Modelling Elastic Properties of Fractured Reservoirs
A major effort of the rock physics group is directed towards modelling attenuation, dispersion and frequency dependent anisotropy of porous reservoirs permeated by aligned fractures.
Over the last decade, this group has developed a methodology of fluid substitution in fractured reservoirs, which is based on the combination of anisotropic Gassmann equations and Schoenberg’s linear slip parameterisation of the effect of fractures on rock properties. Between 2003 and 2006, the group developed a model for attenuation and dispersion of P-waves propagating perpendicular to a periodic system of parallel planar fractures and validated this model with numerical simulations using a poroelastic extension of reflectivity method. These simulations helped to extend the attenuation/dispersion model to randomly spaced fractures and to oblique incidence.
The group developed a model for seismic attenuation and dispersion caused by the presence of sparsely distributed finite (penny-shaped and slit) fractures in the porous reservoirs. The model is based on the combination of Biot’s theory of poroelasticity with the ideas of a multiple scattering theory. The current effort in this area is focused on the deeper understanding of the implications of this theory and its extensions to:
- Oblique incidence;
- Shear waves;
- Higher fracture densities;
- Arbitrary aspect ratios.
While all of the above models are designed for a single set of aligned fractures, real reservoirs often contain multiple fracture sets. Moreover, similar phenomena (fluid flow between pores and fractures) lead to frequency dependent attenuation and dispersion in isotropic rocks with micro-cracks, compliant grain contacts, etc. These effects are being studied by extending the aligned fracture models to arbitrary angular distributions of fractures.
Recently these models have been extended to finite thickness and tested against numerical simulations
Modelling stress-dependent properties of rocks
Stress is one of the major causes of anisotropy in the earth and understanding it is important for imaging, reservoir characterisation and monitoring.
There is a need to be able to distinguish stress-induced from fracture-induced anisotropy. In recent years, we have developed theoretical models of stress-induced anisotropy of rocks. We first considered an isotropic linearly elastic medium (porous or nonporous) permeated by a distribution of discontinuities with random (isotropic) orientation (such as randomly oriented compliant grain contacts or cracks). When this isotropic rock is subjected to a small compressive stress (isotropic or anisotropic), the number of cracks along a particular plane is reduced in proportion to the normal stress traction acting on that plane.
This effect is modelled using the Sayers-Kachanov noninteractive approximation. The model predicts that such an anisotropic crack closure yields elliptical anisotropy, regardless of the value of the ratio of the normal to shear compliance. It also predicts the ratio of Thomsen’s anisotropy parameters as a function of the compliance ratio and Poisson’s ratio of the unstressed rock.

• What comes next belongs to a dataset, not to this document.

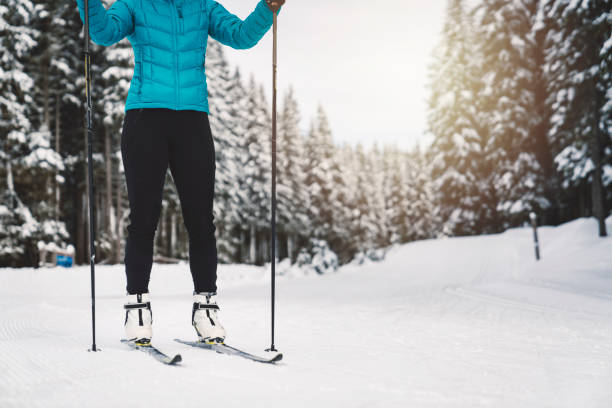istock Cross-country skiier in snowy forest 1129917418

The model is tested using laboratory data. In addition, it has been extended to large stresses, and also to a general triaxial stress state (leading to orthotropic symmetry).
The results can potentially be used for differentiating between stress and fracture-induced anisotropy, and also for predicting P-wave anisotropy from S-wave anisotropy; the latter may be estimated from shear-wave splitting as measured by modern sonic logs or VSP.